[Provided data Boundary: Start]

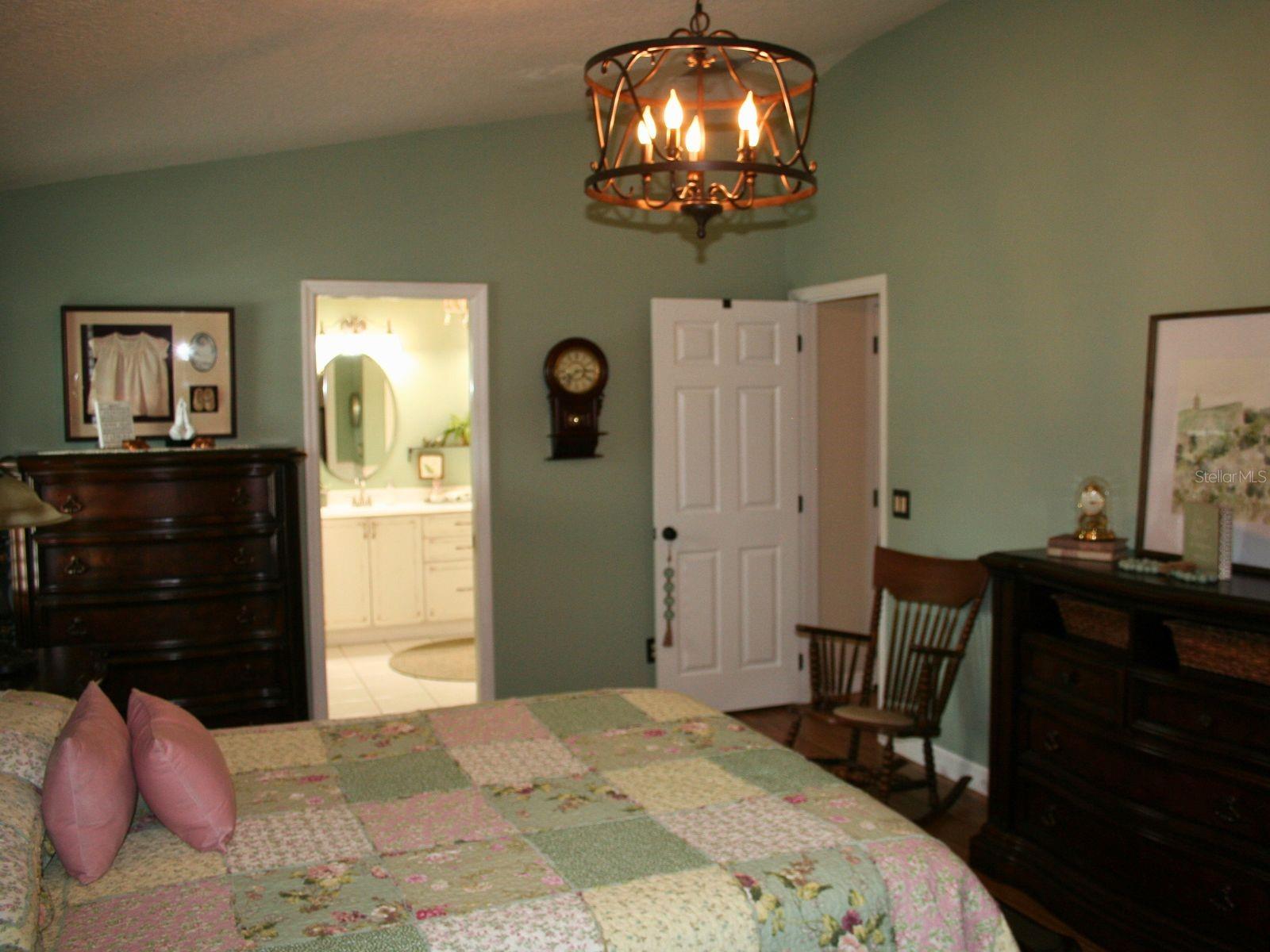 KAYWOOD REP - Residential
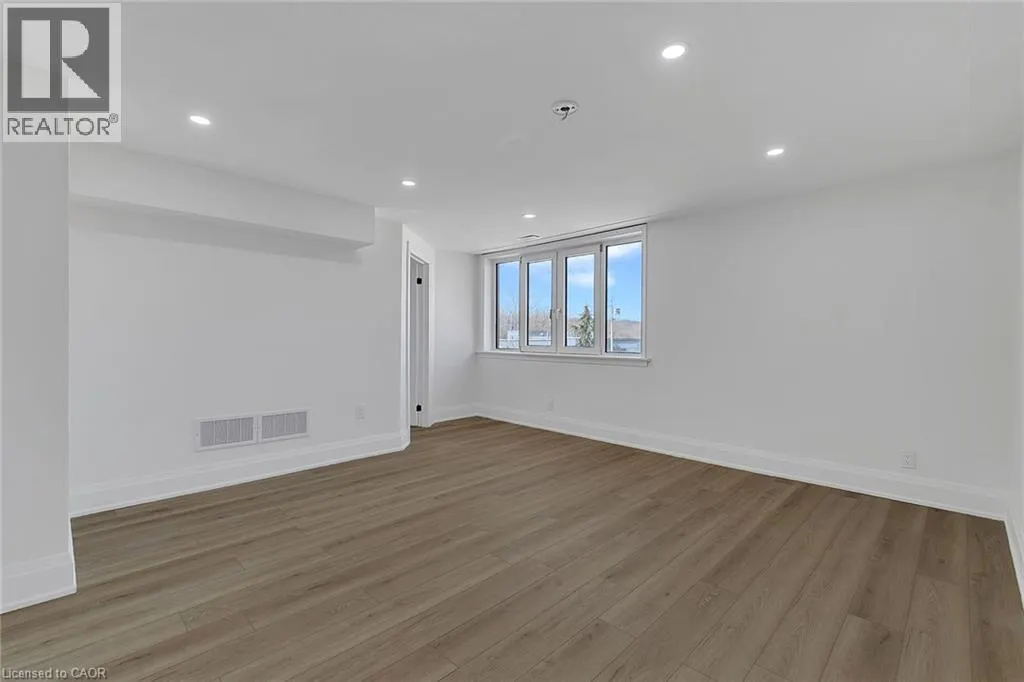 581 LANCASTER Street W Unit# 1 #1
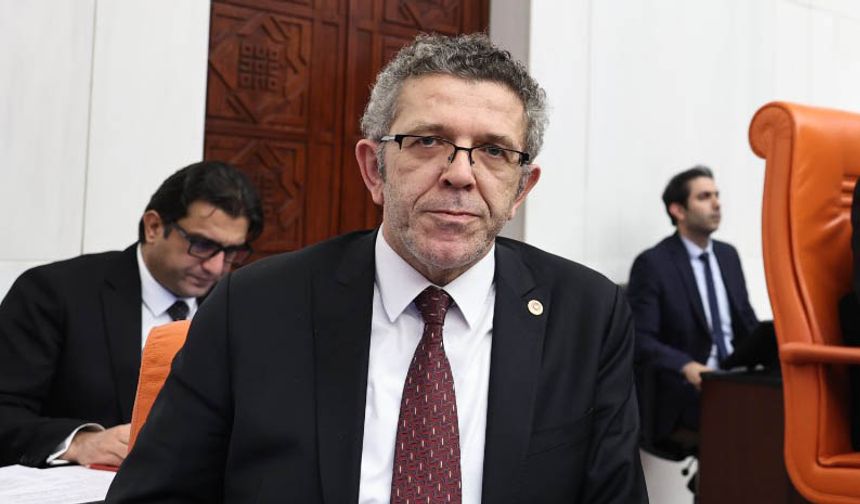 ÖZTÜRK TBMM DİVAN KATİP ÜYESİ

[Provided data Boundary: End]

| What is required |
Beginning with the line that holds "581 LANCASTER Street W Unit# 1 #1" and ending with the last line of the material above, extract every line exactly, pictures excluded.

| Output of the exercise |
 581 LANCASTER Street W Unit# 1 #1
 ÖZTÜRK TBMM DİVAN KATİP ÜYESİ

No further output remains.